In "Measure Theory and Probability Theory" by Krishna and Soumendra pag. 43 there is the following passage.
Let $(\Omega, \mathcal{F})$ be a measurable space and $\{f_n\}$ a sequence of functions such that $f_n:\Omega \rightarrow \mathbb{R}$ is a measurable function for each $n\ge 1$.
Let $\bar{\mathbb{R}}=\mathbb{R} \cup \{+\infty, -\infty\}$ be the extended real line and $\mathcal{B}(\bar{\mathbb{R}})=\sigma\left<\mathcal{B}(\mathbb{R}) \cup \{+\infty\} \cup \{-\infty\}\right>$ be the extended Borel $\sigma$-algebra on $\bar{\mathbb{R}}$.

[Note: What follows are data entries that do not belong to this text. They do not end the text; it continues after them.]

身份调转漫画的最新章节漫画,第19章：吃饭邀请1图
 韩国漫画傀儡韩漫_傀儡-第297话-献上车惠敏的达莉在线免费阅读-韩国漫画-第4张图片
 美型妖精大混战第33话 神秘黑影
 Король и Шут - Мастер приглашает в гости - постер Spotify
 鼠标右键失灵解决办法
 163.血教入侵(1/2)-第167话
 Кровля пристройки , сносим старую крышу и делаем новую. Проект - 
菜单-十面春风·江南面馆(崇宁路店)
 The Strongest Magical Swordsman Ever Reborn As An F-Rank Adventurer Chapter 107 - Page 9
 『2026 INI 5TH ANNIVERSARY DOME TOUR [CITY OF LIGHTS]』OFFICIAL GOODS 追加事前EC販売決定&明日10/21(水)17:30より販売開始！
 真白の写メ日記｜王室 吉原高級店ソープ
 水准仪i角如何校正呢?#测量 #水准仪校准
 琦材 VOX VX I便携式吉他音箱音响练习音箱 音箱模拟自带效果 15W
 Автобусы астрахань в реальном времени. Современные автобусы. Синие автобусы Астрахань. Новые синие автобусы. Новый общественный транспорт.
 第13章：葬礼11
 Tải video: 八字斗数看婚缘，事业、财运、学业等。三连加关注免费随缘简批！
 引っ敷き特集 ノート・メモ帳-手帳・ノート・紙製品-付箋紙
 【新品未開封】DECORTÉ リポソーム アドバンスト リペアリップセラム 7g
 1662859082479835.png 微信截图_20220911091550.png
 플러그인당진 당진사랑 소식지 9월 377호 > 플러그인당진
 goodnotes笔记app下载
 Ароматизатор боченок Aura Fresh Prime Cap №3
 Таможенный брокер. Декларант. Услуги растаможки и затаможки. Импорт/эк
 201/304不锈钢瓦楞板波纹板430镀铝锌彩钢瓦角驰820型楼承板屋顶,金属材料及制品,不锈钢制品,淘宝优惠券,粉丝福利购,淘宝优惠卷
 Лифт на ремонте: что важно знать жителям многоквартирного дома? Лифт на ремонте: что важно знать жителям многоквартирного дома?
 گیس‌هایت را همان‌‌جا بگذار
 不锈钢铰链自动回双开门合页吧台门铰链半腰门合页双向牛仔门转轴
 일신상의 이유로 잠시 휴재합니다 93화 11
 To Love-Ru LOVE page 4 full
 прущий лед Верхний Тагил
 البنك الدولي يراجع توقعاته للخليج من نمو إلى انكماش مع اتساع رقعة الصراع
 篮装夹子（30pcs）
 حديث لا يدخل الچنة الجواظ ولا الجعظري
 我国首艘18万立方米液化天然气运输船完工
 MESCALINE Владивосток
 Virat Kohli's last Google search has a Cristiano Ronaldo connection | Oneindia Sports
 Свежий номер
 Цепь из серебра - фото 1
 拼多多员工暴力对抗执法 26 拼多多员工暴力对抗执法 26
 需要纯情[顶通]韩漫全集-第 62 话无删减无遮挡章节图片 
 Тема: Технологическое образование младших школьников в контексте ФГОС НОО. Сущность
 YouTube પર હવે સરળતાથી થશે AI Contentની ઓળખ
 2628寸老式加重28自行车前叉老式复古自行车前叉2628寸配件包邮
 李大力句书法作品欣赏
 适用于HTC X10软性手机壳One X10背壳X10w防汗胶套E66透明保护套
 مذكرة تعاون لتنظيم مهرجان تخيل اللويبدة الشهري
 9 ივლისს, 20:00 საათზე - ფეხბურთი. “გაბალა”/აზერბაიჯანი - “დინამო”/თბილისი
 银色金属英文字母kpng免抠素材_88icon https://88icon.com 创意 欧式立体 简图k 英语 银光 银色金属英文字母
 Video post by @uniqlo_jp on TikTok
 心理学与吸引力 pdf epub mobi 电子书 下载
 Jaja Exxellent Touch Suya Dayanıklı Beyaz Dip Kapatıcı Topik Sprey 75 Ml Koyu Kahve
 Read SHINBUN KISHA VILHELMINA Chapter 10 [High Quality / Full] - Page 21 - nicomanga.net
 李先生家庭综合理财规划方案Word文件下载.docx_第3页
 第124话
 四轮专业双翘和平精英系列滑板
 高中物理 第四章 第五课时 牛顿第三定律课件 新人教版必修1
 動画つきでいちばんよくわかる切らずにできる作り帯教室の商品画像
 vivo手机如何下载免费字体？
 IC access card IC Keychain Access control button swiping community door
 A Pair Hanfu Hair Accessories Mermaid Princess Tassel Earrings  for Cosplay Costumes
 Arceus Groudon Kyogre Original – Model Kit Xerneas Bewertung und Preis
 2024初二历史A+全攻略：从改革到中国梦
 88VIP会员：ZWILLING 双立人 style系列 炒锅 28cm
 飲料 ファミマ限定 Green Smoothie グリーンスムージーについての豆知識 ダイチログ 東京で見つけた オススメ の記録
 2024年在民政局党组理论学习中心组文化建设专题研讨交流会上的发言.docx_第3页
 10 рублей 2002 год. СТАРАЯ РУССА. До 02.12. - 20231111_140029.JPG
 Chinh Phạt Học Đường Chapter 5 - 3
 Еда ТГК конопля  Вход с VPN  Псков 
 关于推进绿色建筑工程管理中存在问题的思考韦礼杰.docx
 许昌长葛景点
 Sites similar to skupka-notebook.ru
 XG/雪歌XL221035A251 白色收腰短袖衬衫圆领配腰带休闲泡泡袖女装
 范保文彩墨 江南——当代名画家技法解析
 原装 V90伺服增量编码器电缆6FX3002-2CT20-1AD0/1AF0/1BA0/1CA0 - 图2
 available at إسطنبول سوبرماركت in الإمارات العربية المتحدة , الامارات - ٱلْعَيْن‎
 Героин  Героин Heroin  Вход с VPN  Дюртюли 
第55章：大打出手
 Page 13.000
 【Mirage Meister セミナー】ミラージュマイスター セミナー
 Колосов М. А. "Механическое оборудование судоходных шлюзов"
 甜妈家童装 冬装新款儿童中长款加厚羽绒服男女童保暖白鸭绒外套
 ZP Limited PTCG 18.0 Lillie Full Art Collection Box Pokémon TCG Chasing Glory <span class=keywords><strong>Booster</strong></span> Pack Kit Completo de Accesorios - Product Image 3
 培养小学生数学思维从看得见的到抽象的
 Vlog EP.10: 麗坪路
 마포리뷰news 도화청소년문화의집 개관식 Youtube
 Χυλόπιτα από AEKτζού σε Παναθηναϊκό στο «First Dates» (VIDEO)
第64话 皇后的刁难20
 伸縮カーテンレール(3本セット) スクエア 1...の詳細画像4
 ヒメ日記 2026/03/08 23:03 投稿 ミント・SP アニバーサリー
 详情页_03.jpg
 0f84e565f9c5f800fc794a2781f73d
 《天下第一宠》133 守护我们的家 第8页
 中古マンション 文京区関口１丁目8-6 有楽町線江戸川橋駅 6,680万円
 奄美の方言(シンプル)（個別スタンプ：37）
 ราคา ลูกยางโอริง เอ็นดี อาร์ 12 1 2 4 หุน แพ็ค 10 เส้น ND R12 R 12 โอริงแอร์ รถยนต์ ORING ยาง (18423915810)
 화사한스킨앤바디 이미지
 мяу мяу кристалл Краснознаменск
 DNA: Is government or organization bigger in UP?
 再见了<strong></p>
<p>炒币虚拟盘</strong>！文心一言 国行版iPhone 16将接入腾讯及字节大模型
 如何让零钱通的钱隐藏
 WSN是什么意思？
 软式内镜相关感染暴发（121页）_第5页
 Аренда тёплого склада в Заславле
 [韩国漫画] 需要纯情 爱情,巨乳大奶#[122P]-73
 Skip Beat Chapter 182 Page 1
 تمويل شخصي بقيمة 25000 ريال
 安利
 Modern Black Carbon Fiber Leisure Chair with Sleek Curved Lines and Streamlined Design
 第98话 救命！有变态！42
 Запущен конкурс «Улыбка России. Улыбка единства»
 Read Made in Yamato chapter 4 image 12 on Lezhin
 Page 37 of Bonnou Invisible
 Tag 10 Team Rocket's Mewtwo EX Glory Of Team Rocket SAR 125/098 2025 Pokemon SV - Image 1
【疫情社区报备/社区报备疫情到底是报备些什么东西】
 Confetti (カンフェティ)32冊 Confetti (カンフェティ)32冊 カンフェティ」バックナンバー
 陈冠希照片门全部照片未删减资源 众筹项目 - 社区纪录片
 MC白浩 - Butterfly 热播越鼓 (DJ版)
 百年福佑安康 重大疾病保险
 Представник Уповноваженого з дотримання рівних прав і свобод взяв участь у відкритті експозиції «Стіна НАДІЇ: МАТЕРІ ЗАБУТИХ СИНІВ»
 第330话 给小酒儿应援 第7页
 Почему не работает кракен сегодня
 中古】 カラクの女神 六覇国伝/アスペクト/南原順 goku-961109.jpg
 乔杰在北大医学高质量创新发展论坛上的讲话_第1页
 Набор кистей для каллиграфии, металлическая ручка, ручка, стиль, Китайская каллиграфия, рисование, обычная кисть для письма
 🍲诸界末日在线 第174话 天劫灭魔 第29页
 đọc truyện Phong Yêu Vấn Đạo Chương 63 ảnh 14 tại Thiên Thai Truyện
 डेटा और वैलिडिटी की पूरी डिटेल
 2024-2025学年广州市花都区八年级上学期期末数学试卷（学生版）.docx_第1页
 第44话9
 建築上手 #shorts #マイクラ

Define $g= \Omega \rightarrow \bar{\mathbb{R}} $ as the supremum pointwise $g=sup_{n \ge 1}f_n$.
Then the book says that for show $g$ being measurable is enough to show that $g^{-1}((-\infty, r]) \in \mathcal{F}$ for each $r \in \mathbb{R}$. Thus it continues with the proof below.
$(-\infty, r] = \{\omega: g(\omega) \ge r \} = \\ \bigcap_{n=1}^{\infty} \{\omega: f_n(\omega) \ge r \}=\\ \bigcap_{n=1}^{\infty}f_n^{-1}((-\infty, r]) \in \mathcal{F} $
since $f_n^{-1}((-\infty, r]) \in \mathcal{F}$ for all $n \ge 1$ by the measurability of $f_n$.
What assures us that the countbale intersection of those sets is in $\mathcal{F}$?
You prove this using De-Morgan's law. Since the $\sigma-$algebra is closed under countable unions and under complements, and since by De-Morgan, the complement of the union is the intersection of the complements, then you get that the countable intersection of measurable sets must also be measurable.